● **Given material**:
········

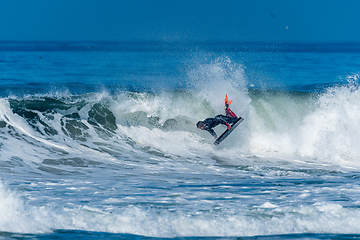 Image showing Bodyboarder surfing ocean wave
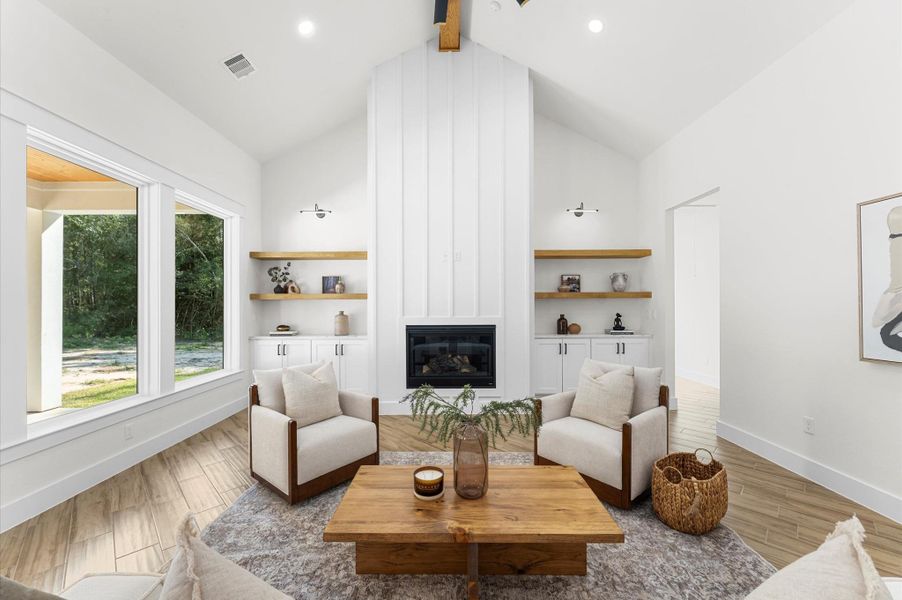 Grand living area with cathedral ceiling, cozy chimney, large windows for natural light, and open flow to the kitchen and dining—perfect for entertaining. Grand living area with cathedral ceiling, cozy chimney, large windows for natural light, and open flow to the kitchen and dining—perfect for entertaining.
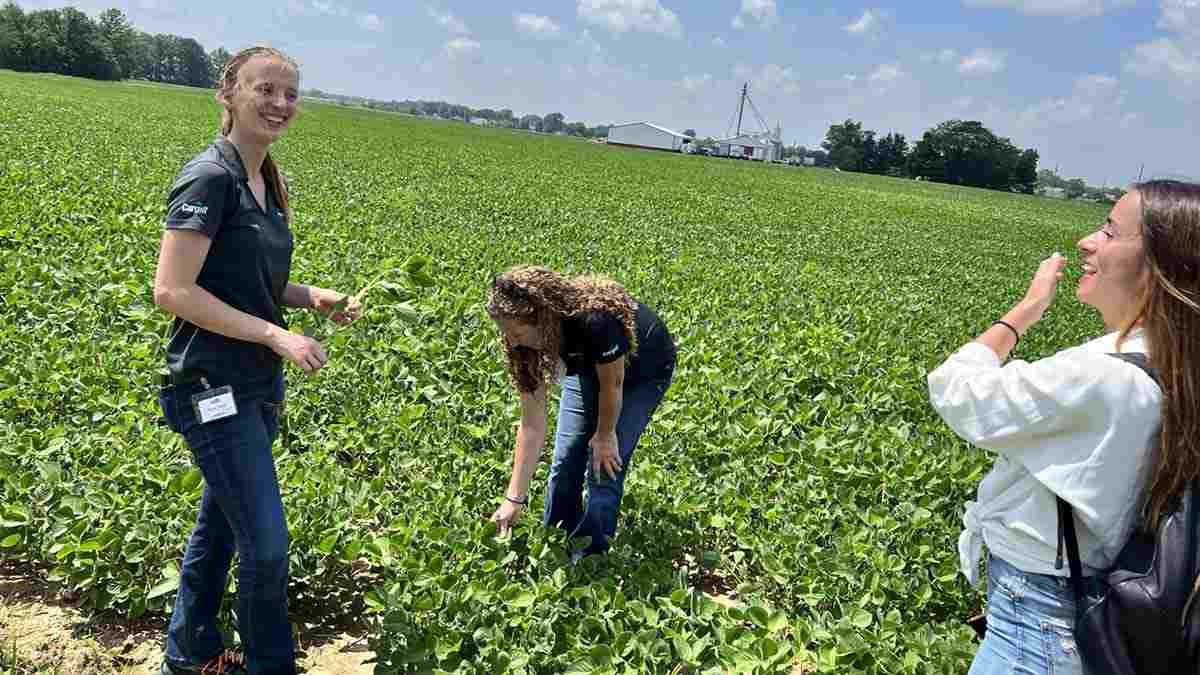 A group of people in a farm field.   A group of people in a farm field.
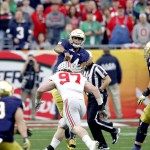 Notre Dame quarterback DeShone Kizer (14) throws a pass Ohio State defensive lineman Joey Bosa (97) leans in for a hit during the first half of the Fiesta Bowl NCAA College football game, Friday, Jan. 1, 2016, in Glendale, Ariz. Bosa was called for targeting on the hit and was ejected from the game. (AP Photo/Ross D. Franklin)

········

● **Aim of the task**: First drop every picture, then print the data above exactly as it stands.

● **Exercise answer**:
 Image showing Bodyboarder surfing ocean wave
 Grand living area with cathedral ceiling, cozy chimney, large windows for natural light, and open flow to the kitchen and dining—perfect for entertaining. Grand living area with cathedral ceiling, cozy chimney, large windows for natural light, and open flow to the kitchen and dining—perfect for entertaining.
 A group of people in a farm field.   A group of people in a farm field.
 Notre Dame quarterback DeShone Kizer (14) throws a pass Ohio State defensive lineman Joey Bosa (97) leans in for a hit during the first half of the Fiesta Bowl NCAA College football game, Friday, Jan. 1, 2016, in Glendale, Ariz. Bosa was called for targeting on the hit and was ejected from the game. (AP Photo/Ross D. Franklin)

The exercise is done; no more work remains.